Residents of the Negev Arab-Bedouin village Umm al-Hiran, whom the state intends to evict to make way for a new Jewish community on the land they’ve been living on since 1956, go before the Supreme Court on Wednesday in a bid to block the state’s plans. The Israeli government authorized construction plans for two new settlements in the southern Negev region, one of which is slated to be established on territory currently inhabited by a number of “unrecognized” Bedouin communities. Several Bedouin villagers, Hadash members and environmental activists gathered outside the Supreme Court and the Knesset in Jerusalem in order to protest the expected displacement of the residents of Umm al-Hiran.
Hiran, which is set to be erected at the site of the unrecognized Bedouin villages of Umm al-Hiran and Atir, will initially include 2,500 housing units, and its future population will comprise a religious community as well as several secular families, “Haaretz” reported. The report said that the city of Kassif is expected to include about 12,000 housing units and will be settled mainly by ultra-Orthodox families.
The appeal seeks to overturn a district court decision ordering the evacuation of all homes in the village in order to pave the way for their demolition and the establishment of a new Jewish village named “Hiran” on their ruins.
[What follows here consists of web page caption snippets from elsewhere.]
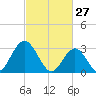 River Bend Marina tide chart for Friday, February 27, 2026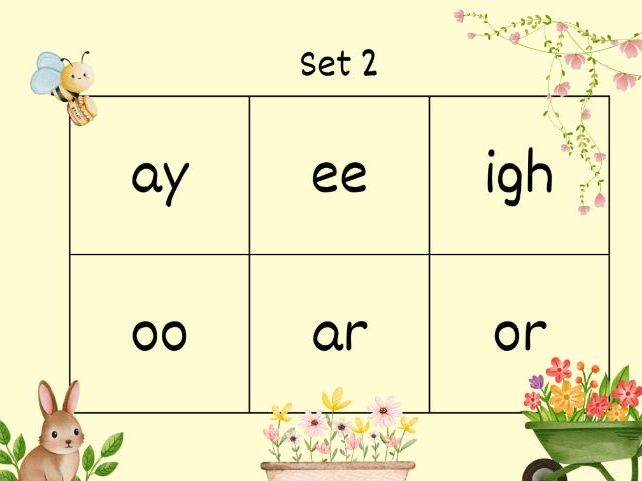 Phonics Set 2 Bingo Cards
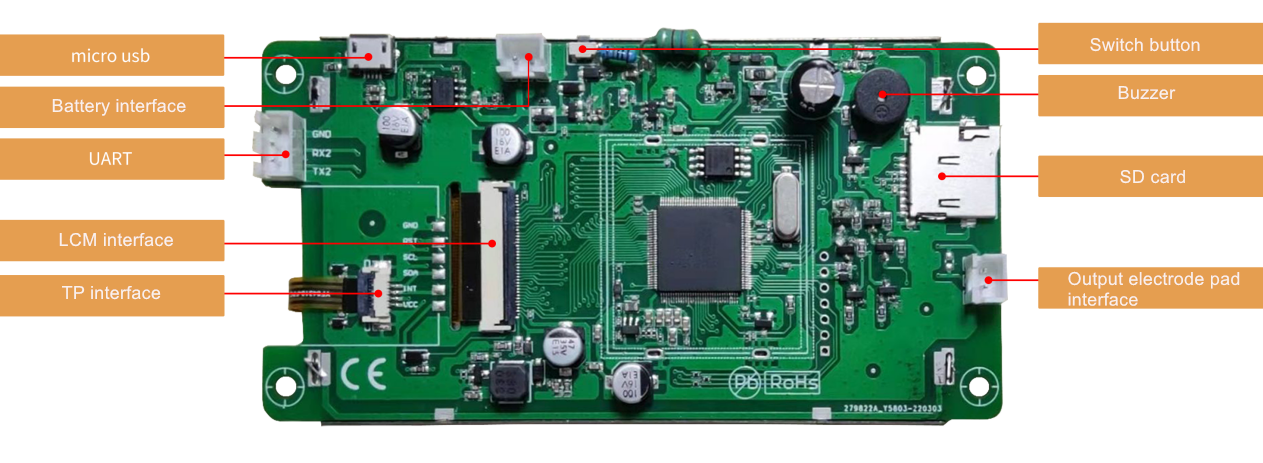Схема терапевтического электростимулятора средней частоты на основе чипа T5L0 - внешний вид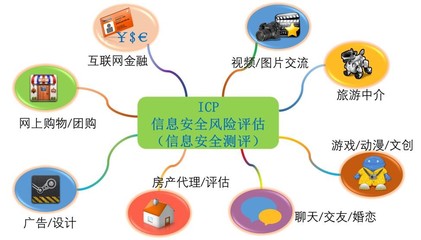 电信增值及经营业务服务商(ICP、EDI)信息系统风险评估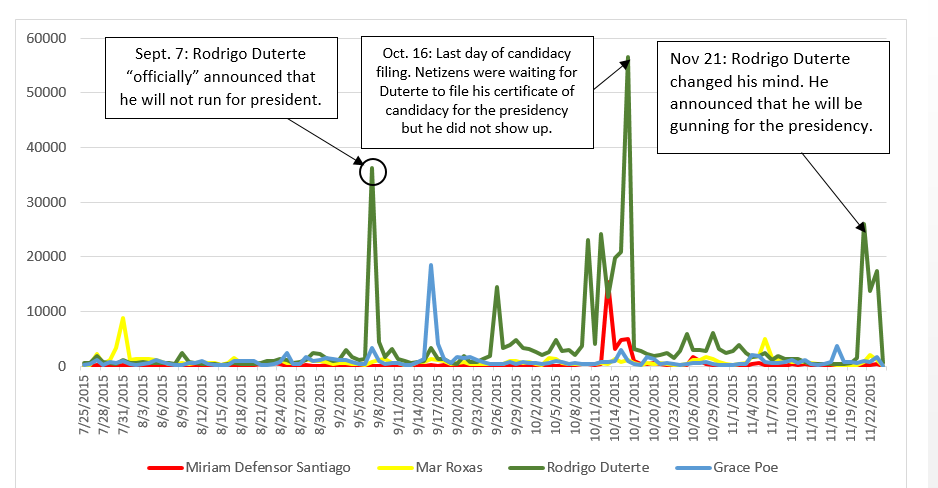 duterte 2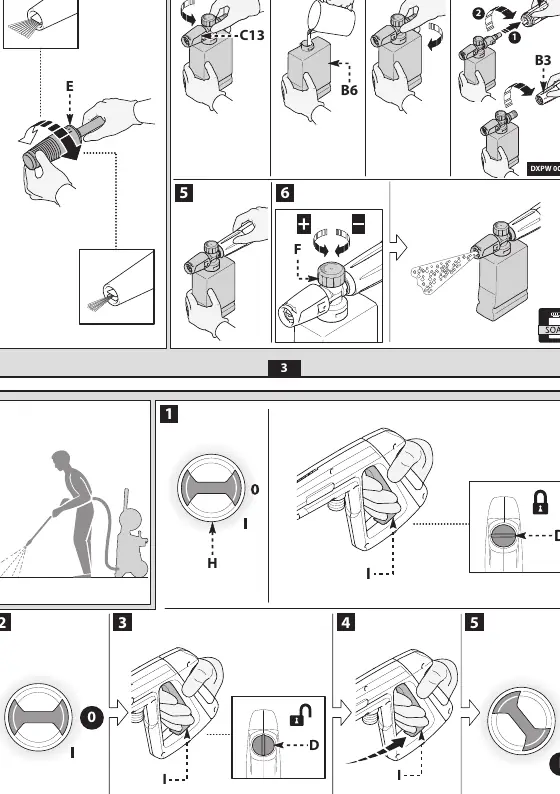 Operation and detergent usage (Fig. 3/4)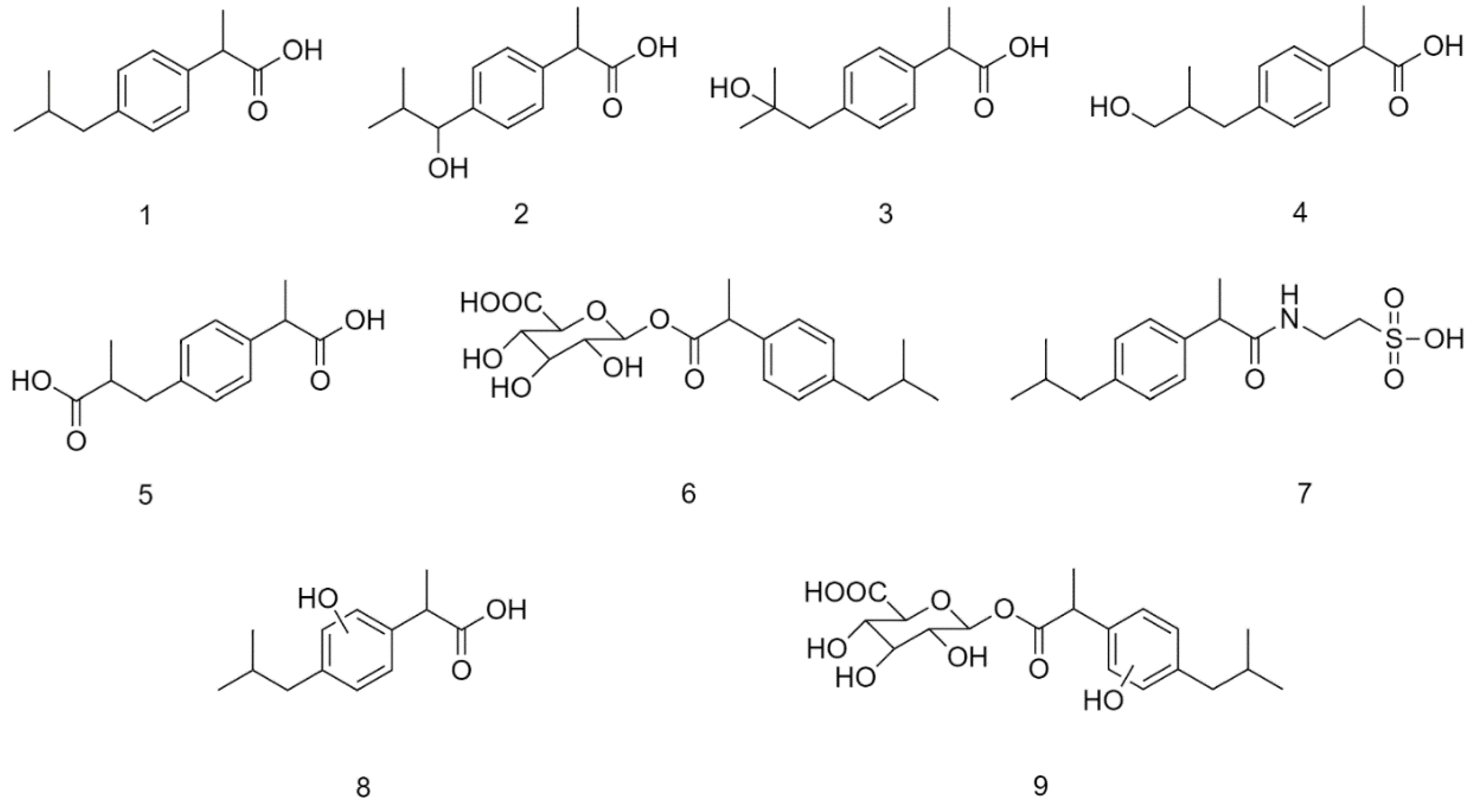Molecules 27 04000 g001 Molecules 27 04000 g001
If the court accepts the motion to appeal, it will reopen the legal case; and if it rejects the appeal, it will mark the end of the road for the legal defense of Umm al-Hiran-Atir, home to 1000 Arab Bedouin citizens of the state and facilitate the demolition of the village.
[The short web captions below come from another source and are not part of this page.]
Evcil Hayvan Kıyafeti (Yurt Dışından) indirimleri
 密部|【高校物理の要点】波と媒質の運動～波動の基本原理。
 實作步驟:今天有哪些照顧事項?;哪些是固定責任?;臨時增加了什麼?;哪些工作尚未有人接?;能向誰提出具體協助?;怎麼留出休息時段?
The village of Umm al-Hiran was established by order of the military governor in 1956 after the Israeli army forcibly displaced its residents from their homes in the area of Wadi Zubaleh. The villagers, who are citizens of Israel, were given 7,000 dunams of land to live on and cultivate. In 2003, the state began its attempts to evacuate the villagers by issuing evacuation lawsuits and ex parte demolition orders against them, using these two separate legal procedures.
In 2011, the Beer Sheva Magistrates’ Court approved home demolition orders and Adalah appealed to the Beer Sheva District Court against the decision. Several cases remain pending. During its deliberations on the evacuations case, the District Court held that the people of Umm al-Hiran were not “trespassers”, rejecting the state’s arguments, and that they had been transferred to their current location in 1956 with the state’s agreement. However, the court also held that since the state had not given them the land for free, it had the right to cancel the agreement and reclaim the land.
The fact that the case is pending before the Supreme Court has not prevented the Israeli Government from issuing a decision to expedite the planning process for the establishment of a new Jewish town – “Hiran” – which it expects to be completed by the end of 2013. A group of Jewish citizens have established a temporary, gated, caravan community in a forest adjacent to Umm al-Hiran and are waiting for the state to demolish the villagers’ homes, paving the way for them to move to Hiran.